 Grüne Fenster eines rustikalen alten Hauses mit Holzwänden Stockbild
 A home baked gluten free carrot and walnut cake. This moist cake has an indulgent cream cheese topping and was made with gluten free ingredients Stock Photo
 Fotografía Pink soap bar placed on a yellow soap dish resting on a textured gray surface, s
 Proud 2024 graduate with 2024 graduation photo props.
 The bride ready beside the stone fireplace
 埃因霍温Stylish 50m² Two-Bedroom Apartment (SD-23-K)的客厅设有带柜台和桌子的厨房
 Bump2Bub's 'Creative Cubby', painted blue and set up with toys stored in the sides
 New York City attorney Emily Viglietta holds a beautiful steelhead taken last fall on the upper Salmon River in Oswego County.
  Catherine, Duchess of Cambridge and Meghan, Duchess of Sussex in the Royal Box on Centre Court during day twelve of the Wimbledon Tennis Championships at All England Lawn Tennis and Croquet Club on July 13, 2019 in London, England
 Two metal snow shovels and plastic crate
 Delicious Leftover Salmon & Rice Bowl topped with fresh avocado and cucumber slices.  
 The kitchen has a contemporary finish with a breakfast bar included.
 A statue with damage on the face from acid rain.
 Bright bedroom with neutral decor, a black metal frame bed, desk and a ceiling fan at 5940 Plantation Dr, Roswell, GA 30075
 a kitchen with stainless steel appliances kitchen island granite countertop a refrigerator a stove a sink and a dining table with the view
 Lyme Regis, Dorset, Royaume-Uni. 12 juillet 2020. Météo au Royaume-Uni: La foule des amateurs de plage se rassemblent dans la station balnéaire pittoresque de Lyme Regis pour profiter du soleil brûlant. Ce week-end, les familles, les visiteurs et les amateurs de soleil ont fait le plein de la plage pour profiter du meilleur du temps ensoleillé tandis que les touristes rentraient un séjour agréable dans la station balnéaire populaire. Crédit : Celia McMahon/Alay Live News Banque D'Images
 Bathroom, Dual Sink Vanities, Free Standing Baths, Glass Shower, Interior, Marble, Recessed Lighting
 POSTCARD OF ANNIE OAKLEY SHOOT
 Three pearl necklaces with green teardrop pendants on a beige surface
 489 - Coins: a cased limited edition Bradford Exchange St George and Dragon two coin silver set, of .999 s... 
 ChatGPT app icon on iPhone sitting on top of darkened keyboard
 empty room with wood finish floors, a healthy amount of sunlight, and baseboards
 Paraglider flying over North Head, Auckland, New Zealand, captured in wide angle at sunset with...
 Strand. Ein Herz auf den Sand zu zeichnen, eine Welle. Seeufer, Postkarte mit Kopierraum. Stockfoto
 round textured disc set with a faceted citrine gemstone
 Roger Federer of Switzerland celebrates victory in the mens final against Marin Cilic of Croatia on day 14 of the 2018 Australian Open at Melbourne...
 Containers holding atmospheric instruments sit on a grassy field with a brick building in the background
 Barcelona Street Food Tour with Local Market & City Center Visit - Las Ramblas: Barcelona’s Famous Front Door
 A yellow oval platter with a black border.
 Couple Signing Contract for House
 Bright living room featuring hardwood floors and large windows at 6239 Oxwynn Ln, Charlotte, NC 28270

## Work to be completed
When the line with "Delicious Leftover Salmon" is reached in the data above, begin copying, and stop after the line with "Containers holding atmospheric"; copy each line exactly, both ends included.

## Task output
 Delicious Leftover Salmon & Rice Bowl topped with fresh avocado and cucumber slices.  
 The kitchen has a contemporary finish with a breakfast bar included.
 A statue with damage on the face from acid rain.
 Bright bedroom with neutral decor, a black metal frame bed, desk and a ceiling fan at 5940 Plantation Dr, Roswell, GA 30075
 a kitchen with stainless steel appliances kitchen island granite countertop a refrigerator a stove a sink and a dining table with the view
 Lyme Regis, Dorset, Royaume-Uni. 12 juillet 2020. Météo au Royaume-Uni: La foule des amateurs de plage se rassemblent dans la station balnéaire pittoresque de Lyme Regis pour profiter du soleil brûlant. Ce week-end, les familles, les visiteurs et les amateurs de soleil ont fait le plein de la plage pour profiter du meilleur du temps ensoleillé tandis que les touristes rentraient un séjour agréable dans la station balnéaire populaire. Crédit : Celia McMahon/Alay Live News Banque D'Images
 Bathroom, Dual Sink Vanities, Free Standing Baths, Glass Shower, Interior, Marble, Recessed Lighting
 POSTCARD OF ANNIE OAKLEY SHOOT
 Three pearl necklaces with green teardrop pendants on a beige surface
 489 - Coins: a cased limited edition Bradford Exchange St George and Dragon two coin silver set, of .999 s... 
 ChatGPT app icon on iPhone sitting on top of darkened keyboard
 empty room with wood finish floors, a healthy amount of sunlight, and baseboards
 Paraglider flying over North Head, Auckland, New Zealand, captured in wide angle at sunset with...
 Strand. Ein Herz auf den Sand zu zeichnen, eine Welle. Seeufer, Postkarte mit Kopierraum. Stockfoto
 round textured disc set with a faceted citrine gemstone
 Roger Federer of Switzerland celebrates victory in the mens final against Marin Cilic of Croatia on day 14 of the 2018 Australian Open at Melbourne...
 Containers holding atmospheric instruments sit on a grassy field with a brick building in the background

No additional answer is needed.